The Story
Why it exists.
The beginning
Bagatelle Roma exists because of one rainy afternoon and an errand gone sideways. Pierre Guillaume describes it plainly: a colleague at the newly opened Parisian boutique was sent to collect rosebushes from the Bagatelle rose garden sales. He came back on a vintage Vespa, the flower pots soaked through by an unexpected shower. The fragrance is the memory of that return, rose petals heavy with rain, blackcurrant leaves dripping, the particular mineral smell of wet earth, and underneath it all, the exhaust and worn leather of the scooter strapped to the luggage rack. A snapshot of Italian Dolce Vita, captured in the middle of Paris.

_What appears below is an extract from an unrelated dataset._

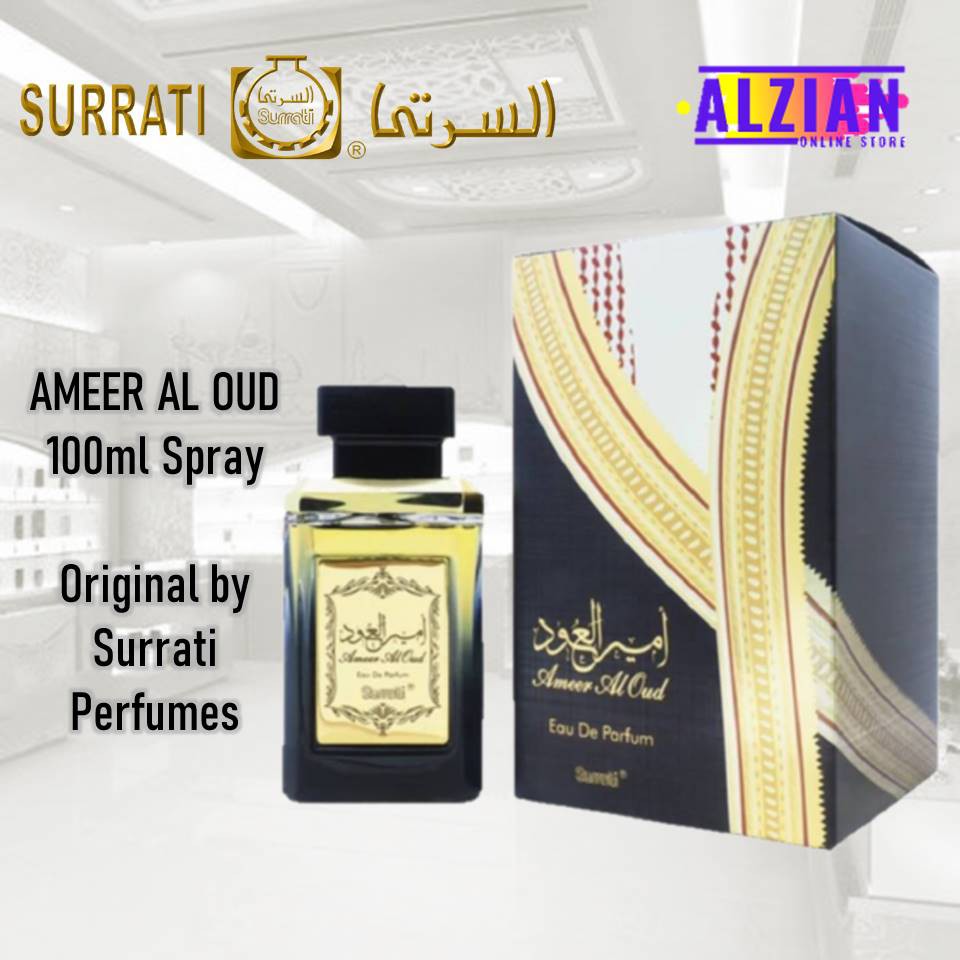 AMEER AL OUD 100ml | Original by Surrati Perfumes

What makes this composition unusual is the way the rain note and the leather coexist without canceling each other out. Here, the rain stays. It threads through the dried rose, the blackcurrant leaf, and the leather simultaneously, so the whole composition feels damp rather than dry. The fuel accord, faint, mineral, slightly acrid, reinforces this atmospheric honesty. It smells like the moment: the exhale of a two-stroke engine on a wet street.
The evolution
The opening hits cool and mineral, petrichor first, then the green bite of blackcurrant leaf. Dried rose arrives within a minute, not the bright damask of a fresh bouquet but something older, slightly papery. The rain note is the structural element here; it keeps everything slightly damp, slightly cool, even as leather begins to surface around the 15-minute mark. By the heart, the leather has fully arrived, worn gloves, not new upholstery. It's warm and slightly animalic in a clean way. The blackcurrant leaf reappears in waves, adding green freshness against the leather. The fuel note is present but never dominant; think exhaust in cold air rather than a garage. Three hours in, the dried rose persists as the dominant note, with leather and earth as a warm, quiet base. The drydown is intimate, this is not a fragrance that announces itself across a room. On fabric, a faint trace of rose and leather lingers into the next morning.
Cultural impact
The Pierre Guillaume collector wears fragrance like a private diary entry, choosing compositions for personal resonance over social performance. Bagatelle Roma fits this profile precisely. It's not a fragrance designed to announce itself across a room or accumulate compliments from strangers. Instead, it speaks quietly to those who encounter it up close, rewarding attention with its layered atmospheric character. The unusual combination of rain, leather, and fuel creates something that stands apart from conventional fragrance categories, appealing to those who seek scents with genuine narrative weight rather than broad appeal.